La España vaciada no es más que la consecuencia inevitable del desarrollo de determinadas políticas públicas, que acaban condicionando la iniciativa privada. Territorios marginados en donde la despoblación, el despoblamiento o el envejecimiento se convierten en barreras infranqueables frente a cualquier intento público o privado de revertir la situación.
En el caso de Andalucía, la concentración de población en la costa y las capitales de provincia tampoco es un fenómeno nuevo. Ello ha propiciado un progresivo vaciamiento del interior hasta el punto de que un 72% de los municipios andaluces han perdido población en la última década, con un 10% en severo riesgo de despoblación.
Los territorios perdedores de esta batalla demográfica se encuentran claramente identificados fuera del ámbito de la Depresión del Guadalquivir, en torno a Sierra Morena, las sierras penibéticas y subbéticas del interior, y el árido sureste. Pero eso no es un fenómeno nuevo; son tendencias perfectamente identificadas desde hace tiempo, a las que nadie pone remedio. Y ahí se encuentra la clave: cada vez que desde lo público se privilegia una inversión en un territorio determinado se está escamoteando a otro su futuro, y lamentablemente llevamos demasiado tiempo observando que los espacios más dinámicos, menos necesitados y más potentes desde todos los puntos de vista, acaban acaparando el grueso de las inversiones públicas en infraestructuras, servicios y equipamientos, permitiendo de este modo la consolidación de espacios enormemente acogedores para la inversión privada.
Mientras tanto, provincias enteras como Jaén están siendo condenadas a la atonía económica y como consecuencia de ello a la regresividad demográfica; son espacios sin futuro, subsidiados, de donde huye cualquier joven en cuanto tiene oportunidad. Pero, insisto, no es un mero problema de vaciamiento demográfico; es la falta de oportunidades lo que está condenando a gran parte de Andalucía, a gran parte de España. Y si no me creen, dense una vuelta por la ciudad de Málaga, y luego pásense por Linares o Jaén. Verán la diferencia.

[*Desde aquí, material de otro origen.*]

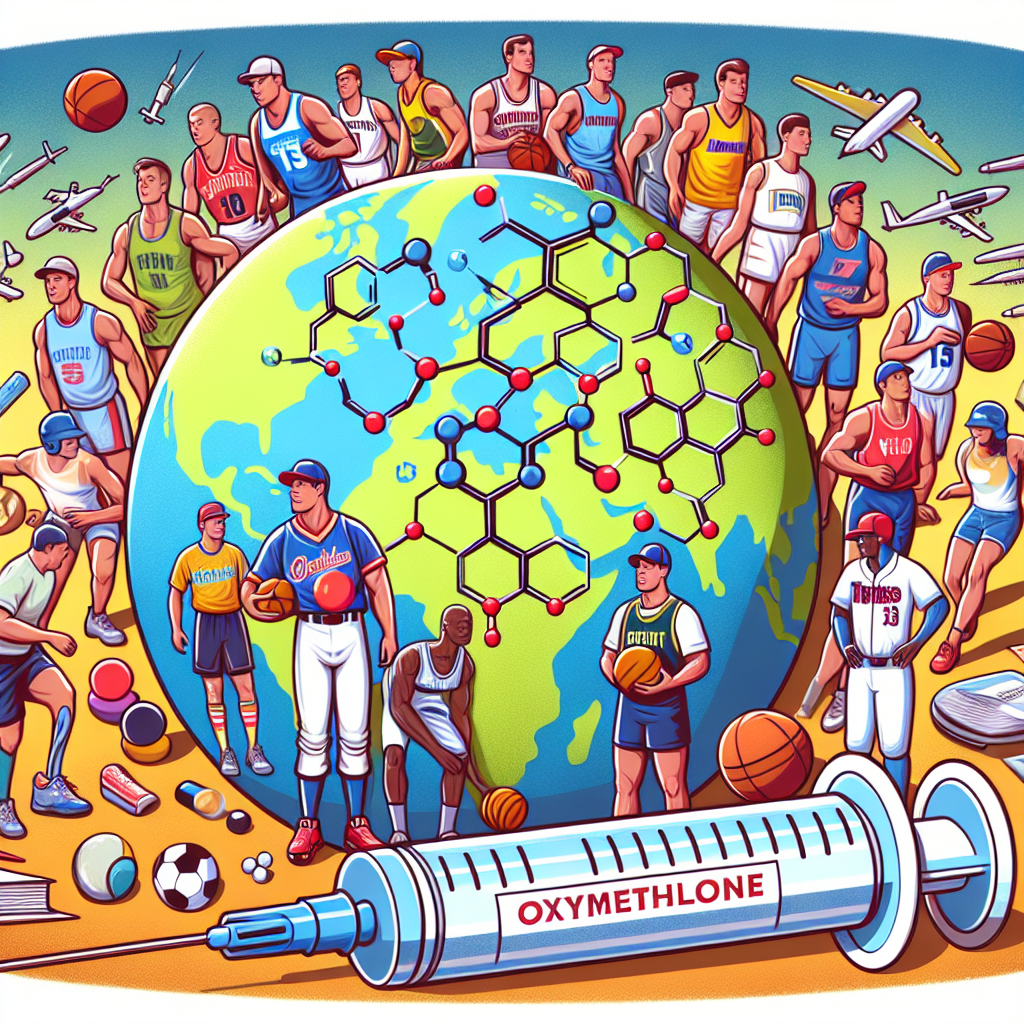 Oxymetholone injection nel mondo dello sport: aspetti da considerare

Que los árboles no nos impidan ver el bosque. Aquí en Andalucía no existen desiertos demográficos, salvo casos muy puntuales y por lo general condicionados por factores naturales, pero sí se observan tendencias muy preocupantes que hacen que tres de cada cuatro municipios pierdan todos los años habitantes. Llevamos décadas padeciendo políticas que no reequilibran los territorios, que no ofrecen soluciones a aquella juventud que desea seguir vinculada a su tierra, una juventud que no quiere ser un número más en espacios de aluvión, que no desea disfrutar de la playa más que en vacaciones. ¿Alguna vez alguien se preocupará de ellos?
Que no nos engañen: no hablemos más de la España vaciada; hablemos de la España sin oportunidades.